Suppose we have a fermionic field operator $\Sigma_{s,s3}^{\pm}(x)$ with definite transformation properties under parity $\mathcal{P}$. $+$ and $-$ indicates the possible eigenvalues.

The operator $\Sigma^{\pm}_{s,s3}(x)$ will annhilate a particle with a certain parity $\mathcal{S}_1$ and create the antiparticle of its corresponding parity partner antiparticle $\mathcal{S}_\bar{2}$ (since $\Sigma$ has been built in with definite parity, both particles must have the same parity). For example, the proton $\mathcal{S}_1 \equiv P$ and the $\mathcal{S}_\bar{2} \equiv \bar{N^{*}}$, respectively.

Now, let's consider the corresponding two-point function $$C(x,y)=\langle VAC,T| \mathcal{T}\lbrace\Sigma(x)\bar{\Sigma}(y)\rbrace|0,VAC\rangle$$,

which can be expanded as (note that $|VAC\rangle$ has the same quantum numbers of the vacuum but it's not an eigenstate of the Hamiltonian)
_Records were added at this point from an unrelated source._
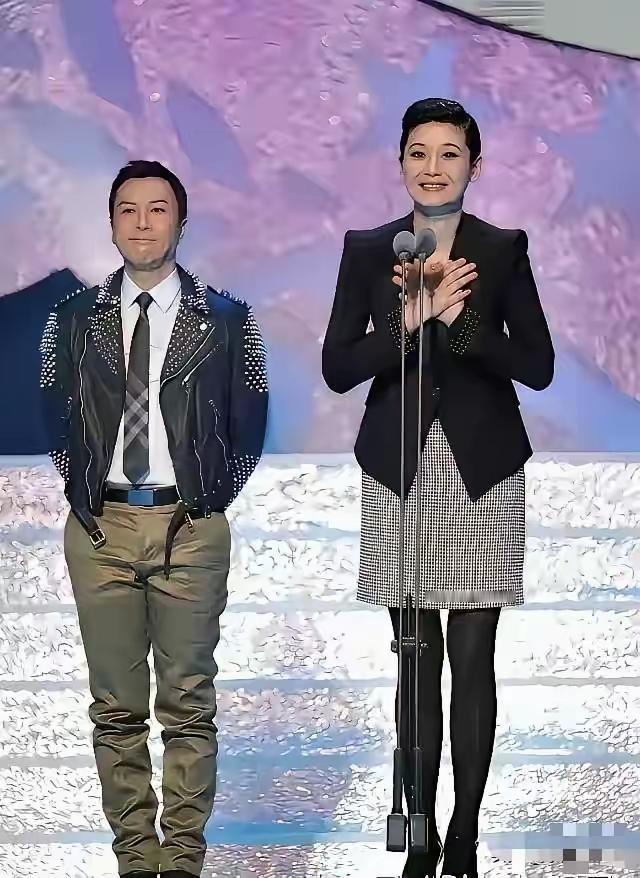 甄子丹身边的美女是谁？她的身高很高，有没有1米8左右，站在甄子丹旁边一下子就把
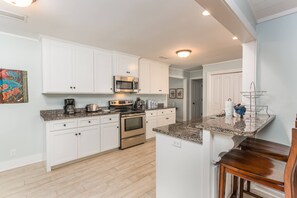 House, 4 Bedrooms | Private kitchen - 619 Bartow Street by Hodnett Cooper (St. Simons Island)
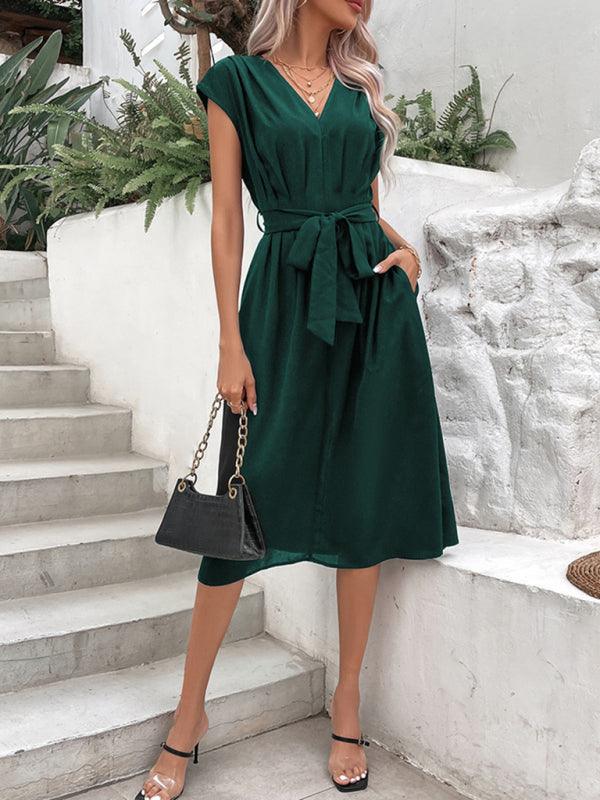 Midi Jurk met V-hals en Tailleband - Midi Dresses - Jurkjes.co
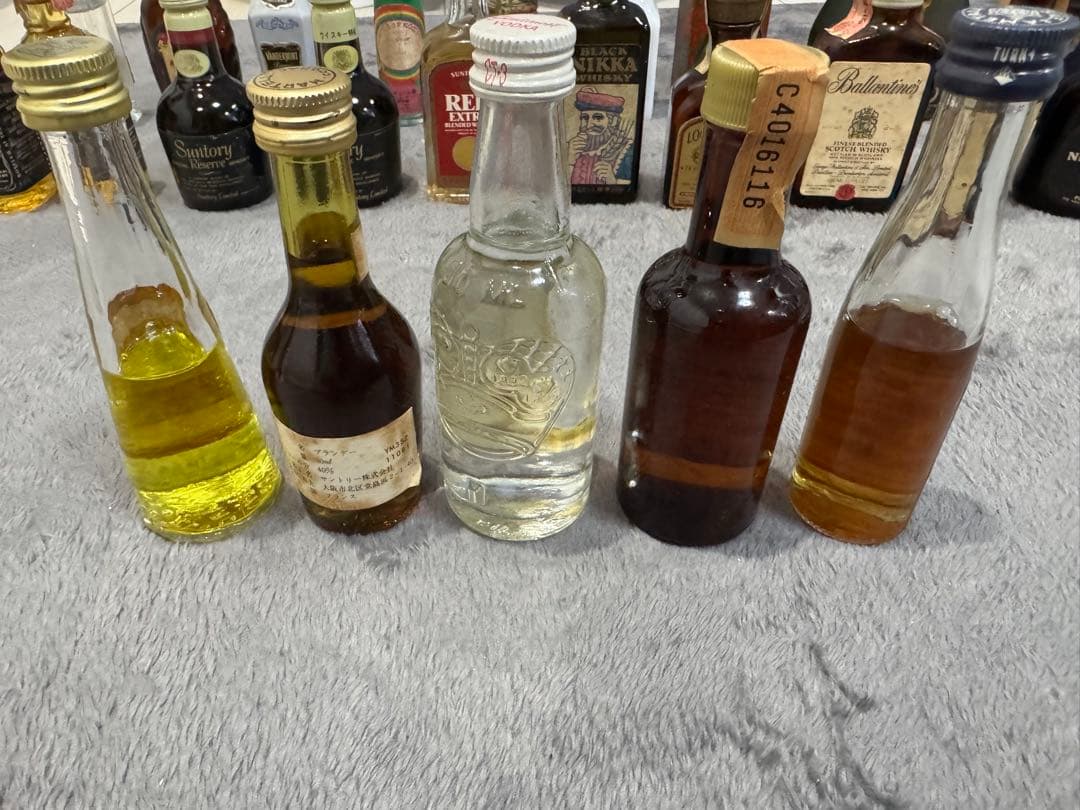 ウィスキー　ブランデー　他　ミニチュアボトル44本セット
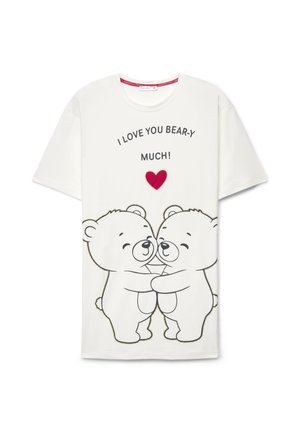 Maglietta bianca con due orsi dei cartoni animati che si abbracciano, cuore rosso sopra di loro e testo che dice "I love you bear-y much!"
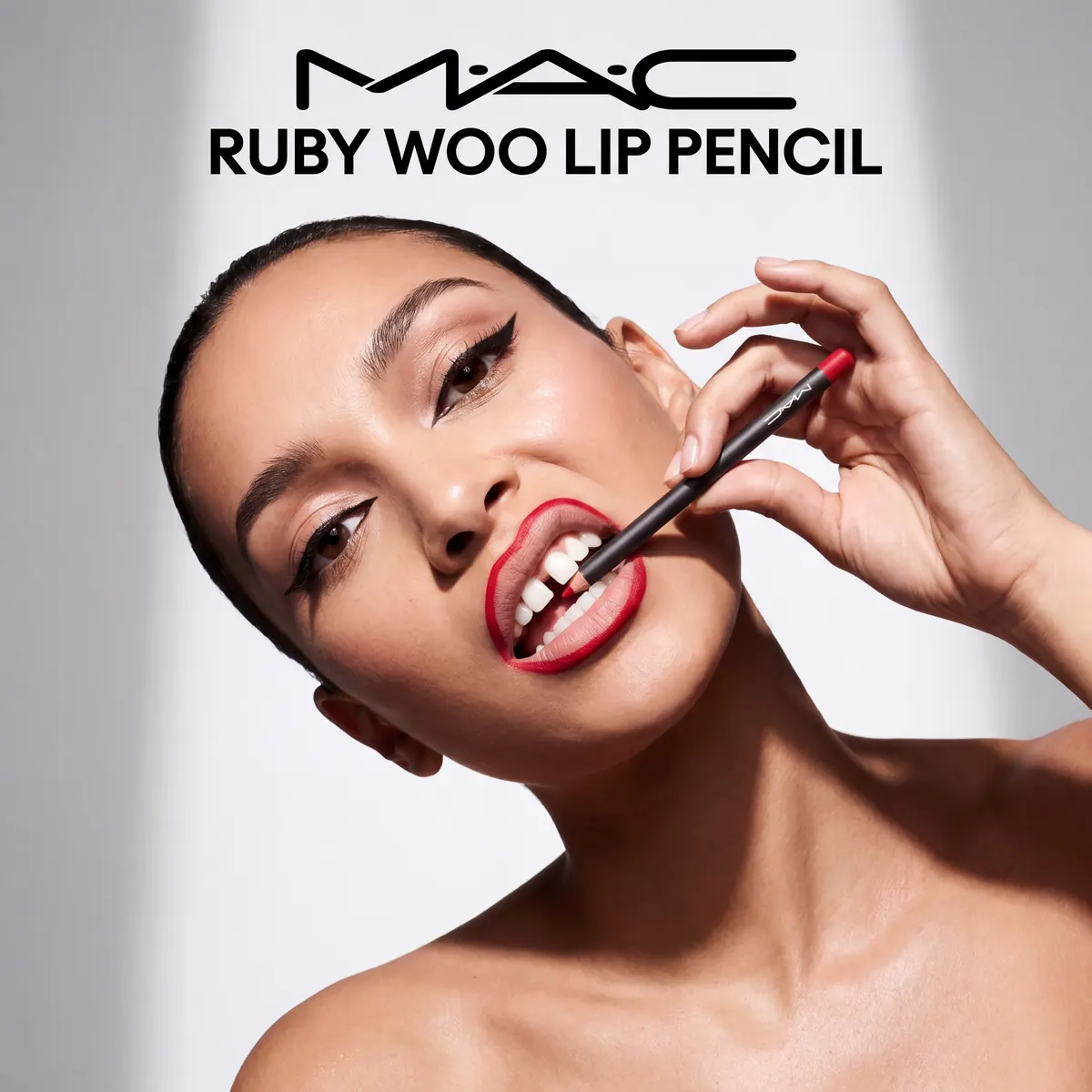 MAC Lip Pencil in Ruby Woo, frame 6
$$C(x,y) =\theta(x^0-y^0)\langle VAC,T | \Sigma(x)\bar{\Sigma}(y) |0, VAC \rangle - \theta(y^0-x^0)\langle VAC,T | \bar{\Sigma}(y)\Sigma(x) |0, VAC \rangle. $$

This means that for $x^0 > y^0$, $\mathcal{S}_1$ propagates from $y$ to $x$, while for $x^0 < y^0$, $\mathcal{S}_\bar{2}$ propagates from $x$ to $y$. I was wondering, are there any circumstances (broken symmetries, boundary conditions, ecc) under which the second term $\langle VAC,T | \bar{\Sigma}(y)\Sigma(x) |0, VAC \rangle$ can be zero? i.e. the antiparticle of the parity partner doesn't propagates backward?